1.       B+B undertakes to execute part of the dredging works based on cubic meters, and the fees for its work will be calculated and determined according to the quotation already furnished on the third of October 2007, attached hereto (APPENDIX A), which constitutes integral part of the present (…);

10.     B+B undertook, in virtue of the previous agreement signed last October between the parties, to provide Verreault with proof of a surety bond for its entire share of works, upon the signature of the present;

11.     For administrative reasons, B+B is not able for the time being to furnish and provide Verreault with such surety bond;

12.     Verreault following banking confirmations, accepts the personal guarantee of Mr. Witt Barlow, sole owner of B+B, to guarantee the obligations of B+B contained in the present and also the completion by B+B of its share of works, such personal guarantee is attached hereto (APPENDIX B) and constitutes integral part of the present;

[Je souligne.]

[15]           Ladite annexe A qui se trouve donc être une quotation de B+B fournie à Dragage Verreault le 3 octobre 2007 contient la clause suivante :

Our pricing is based on the information provided and:

(…)

3.       Utilizing our Hopper Dredge “Atchafalaya”.

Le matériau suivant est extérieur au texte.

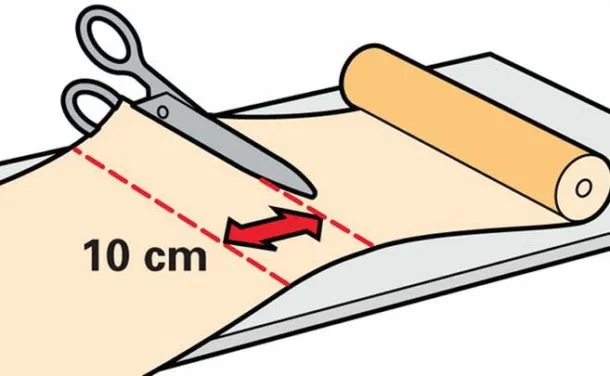 Нарезка обоев для потолка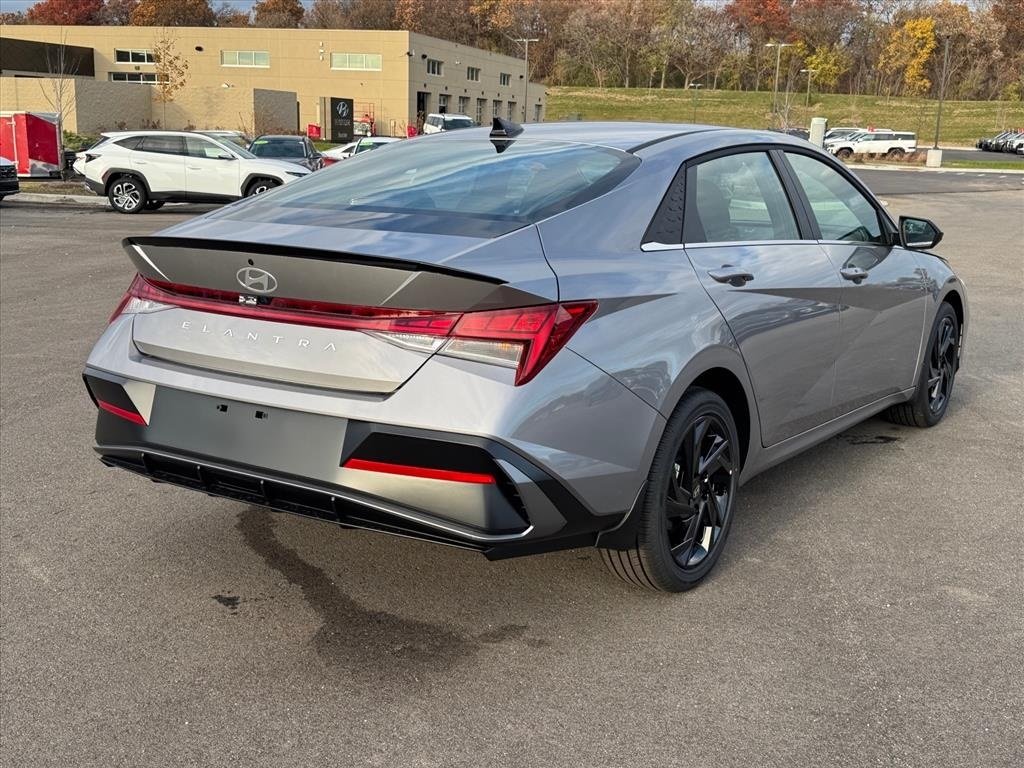 2026 Hyundai Elantra SEL Sport photo 3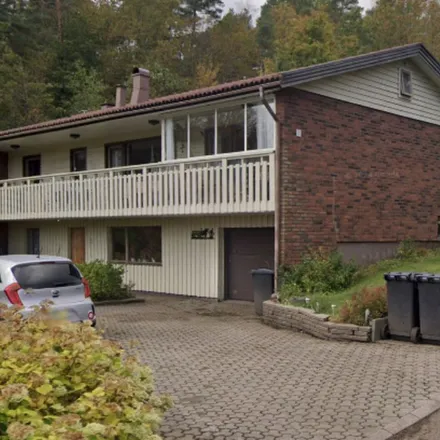 Rent this 7 bed apartment on Fältspatsvägen 7 in 437 31 Lindome, Sweden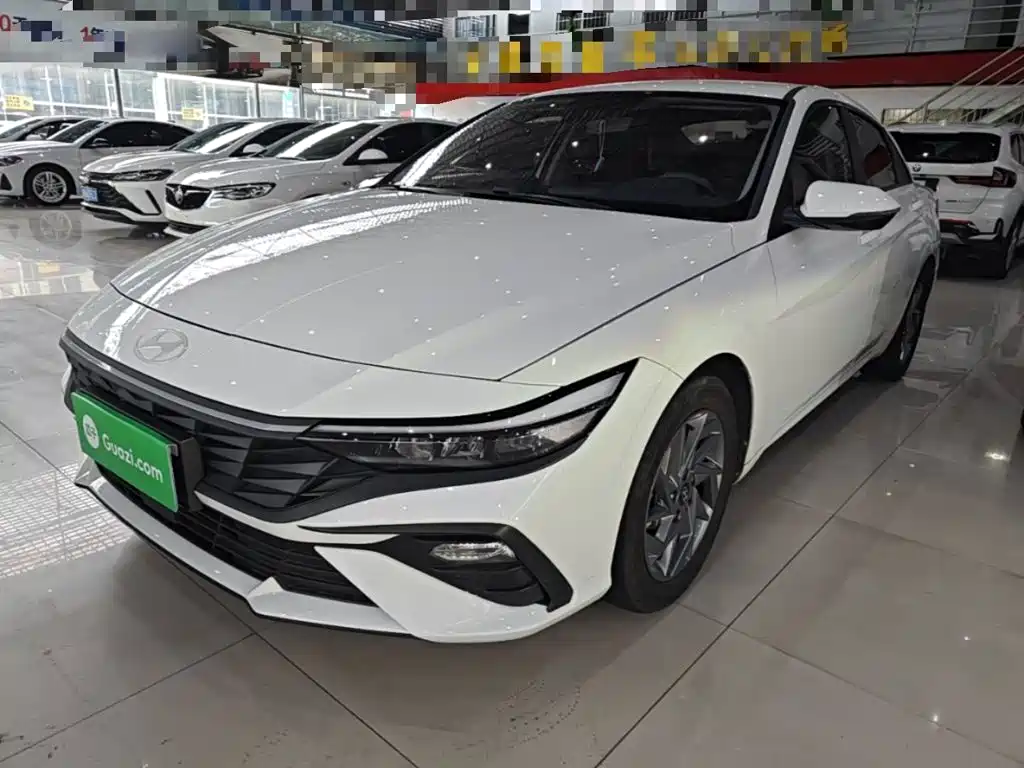 Hyundai Elantra 2025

[16]           Quant à l’annexe B, elle constitue une garantie d’exécution personnelle de M. Barlow et se lit comme suit :

APPENDIX B

TO SUBCONTRACTING AGREEMENT DATED 23TH DAY OF JULY 2008, (Dragage d’entretien du chenal de navigation à Grande-Entrée aux Îles-de-la-Madeleine (Québec), Canada)

PERSONAL GUARANTY OF PERFORMANCE

The undersigned, Witt Barlow (« Guarantor »), acknowledges that it will be to his direct financial interest and benefit that the performance of the work to be accomplished pursuant to the attached Subcontracting Agreement by and between Dragage Verreault, Inc. and B+B Dredging Company be completed in accordance with the terms contained therein. Further, Guarantor hereby acknowledges that this Guaranty is required by Verreault, as a condition precedent and material inducement to enter into the attached Subcontract.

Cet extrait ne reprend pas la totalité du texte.